In September 1999, Ocla was observed mating with a sibling and it soon became apparent that she was again pregnant. During October and November, fighting was frequent, with Ocla and her litter causing many of the problems. The 1998 litter had formed a very cohesive pack and were confident enough to harass the remaining adult males. In fact, two 1996 males had to be removed from the pack at this time – one was very ill and one was observed to be extremely subordinate and stressed. (These two were sent to Warsaw after the complete recovery of the former.) Building work had also started in the area adjacent to the wild dog enclosure. In the first weeks of December Ocla was very heavily pregnant, with distended nipples. However, around the middle of the month she no longer displayed any sign of pregnancy. We assume that she gave birth and the litter may have fallen victim to infanticide due to the stressed condition of the pack.

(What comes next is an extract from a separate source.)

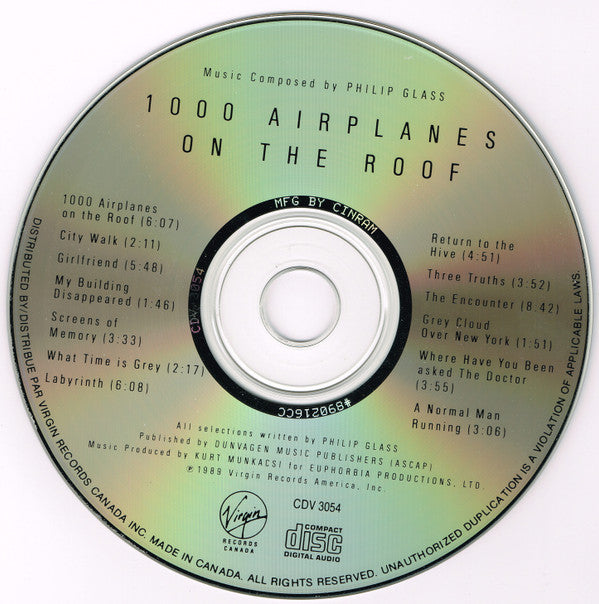 Philip Glass : 1000 Airplanes On The Roof (CD, Album)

Indeed, in June 2000 the litter from 1998 killed what had been the pack's dominant adult male.


To attempt to create a successful pack and try to avoid problems such as infanticide it would appear that:

1. Offspring should be retained for the birth of at least one subsequent litter in order to learn appropriate rearing behaviour. The finding from the wild that effective helpers appear to be over 18 months of age (Martin and Malcolm, 1982) should be noted.

2. It therefore follows that the species should be kept in relatively large packs in order to foster and maintain a cohesive pack mentality. Aside from the welfare aspect, it is more educational and interesting for the public.

3. There should be no movement of animals in or out of the pack for six months after the birth of a litter.

4. Females should have a safe place to give birth and not be disturbed for the first weeks after giving birth. However, pups should be wormed at around 20 days to prevent losses from ascarid infestation.

5. There should be no disturbance to the pack, e.g. no cleaning of the enclosure, for at least five days after a birth. In Rome, the enclosure was entered only briefly in order to feed, and this was only necessary due to the enclosure design.

6. Meat should be split into two daily rations after a birth – this seems to reduce stress in the pack at what is a stressful time for most mammals.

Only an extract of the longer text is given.